The government bill of the Constitution of the Czech Republic was read in the Czech National Council on 16 December 1992. It was introduced by Václav Klaus, the prime minister of the Czech Republic. Out of a number of changes proposed during the reading, only deputy Pavel Hirš's proposal was incorporated, returning into the bill proportional voting system for the Chamber of Deputies and two-round run-off system for the Senate.

The result of the vote was announced by the chair of the Czech National Assembly, Milan Uhde: "[...] out of 198 deputies present, who registered their vote, 16 were against, 10 abstained, and by 172 votes in its support, the Constitution of the Czech Republic has been enacted."

== Characteristics ==

The Constitution of the Czech Republic is a written constitution, having been promulgated in the official journal, the Collection of Laws.

With reference to the provision of the article 39, paragraph 4 of the Constitution, which states that "for the enactment of a constitutional act, 3/5 of all deputies must agree, and 3/5 of senators present", changing the constitution is a more difficult procedure than changing an ordinary statute, making it an entrenched constitution in the typology of constitutions. Despite the tradition of entrenched constitutions throughout Czech history, some voiced the opinion, during the preparation of the Constitution of the Czech Republic, that this one should be flexible.

With regard to Karl Loewenstein's ontological classification of constitutions, the Czech Constitution can be characterized as normative. The political process is carried out by the rules set out in it. High level of correspondence between the constitution and reality also makes it a real constitution.

Despite being heavily influenced by the Czechoslovak Constitutional Charter of 1920, the Czech Constitution is an original one. It has been agreed on through a political process.

== The content of the Constitution ==

=== Preamble ===
Most of the preamble was written by Václav Havel and edited by Milan Uhde. The text recalls the history of Czech statehood and goes on to declare the basic values of the state, mentioning democracy and, thanks to Havel, the "civic society".

=== Chapter One – Fundamental provisions ===

====The fundamental principles====
The provisions of article 1 of the Constitution enshrine fundamental principles of the whole constitutional system of the Czech Republic.
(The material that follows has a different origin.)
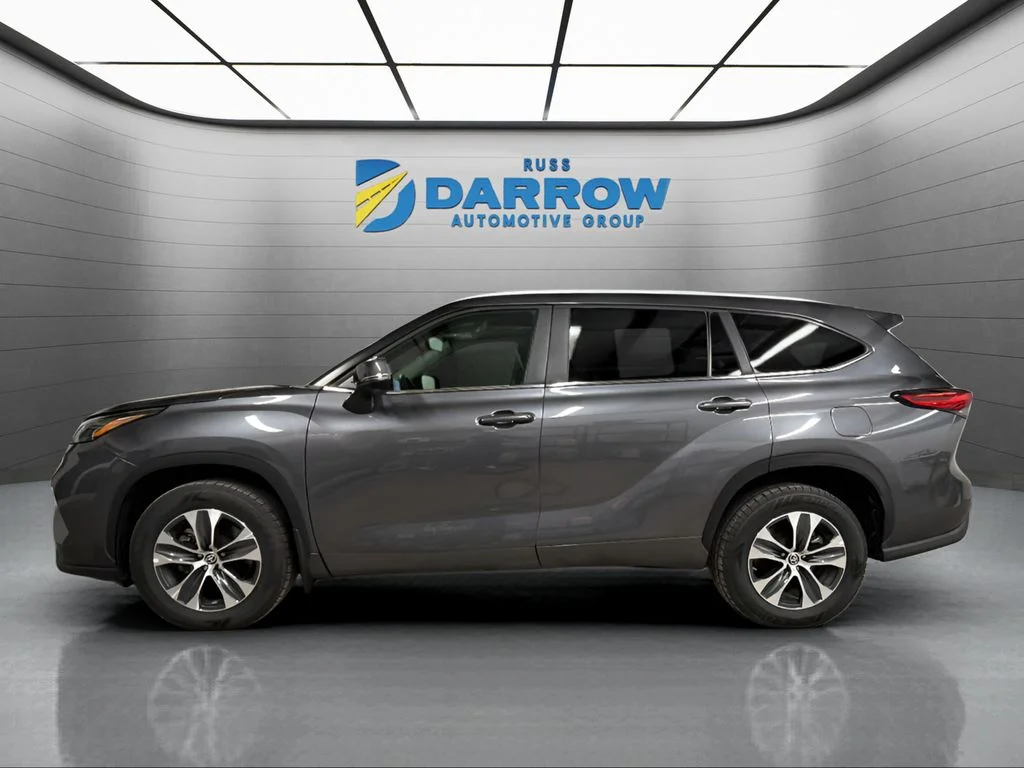 Used 2023 Gray Toyota XLE image 2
It defines the state as a republic, as sovereign, unitary and democratic Rechtsstaat (state characterized by the rule of law) based on respect to rights and freedoms of the citizen and man.

The word "sovereign" means that the Czech Republic is fully capable of holding rights and carrying out legal acts, and is a full subject of international law, independent of any other power. Such sovereignty may, however, be voluntarily limited by membership in an international organisation (this is the so-called shared or pooled sovereignty), as is the case with the Czech Republic and the European Union.

The term "unitary" makes it clear that the state is not a federation or confederation.

The definition of the Czech Republic as a democratic Rechtsstaat stresses the combination of the two principles, democracy and the rule of law. To modify either of these two is forbidden by article 9 of the Constitution. The term Rechtsstaat should not be understood merely formally, but substantively. The Constitutional Court confirmed this in its adjudications. As early as December 1993, it ruled: "The Constitution accepts and respects the principle of legality as a part of the overall concept of a Rechtsstaat; it does not merely link positive law to formal legality, it also subordinates the construction and application of legal norms to the substantive meaning of their content; it makes it a premise of law that it respects basic constitutive values of democratic society, and measures the application of legal norms by these values."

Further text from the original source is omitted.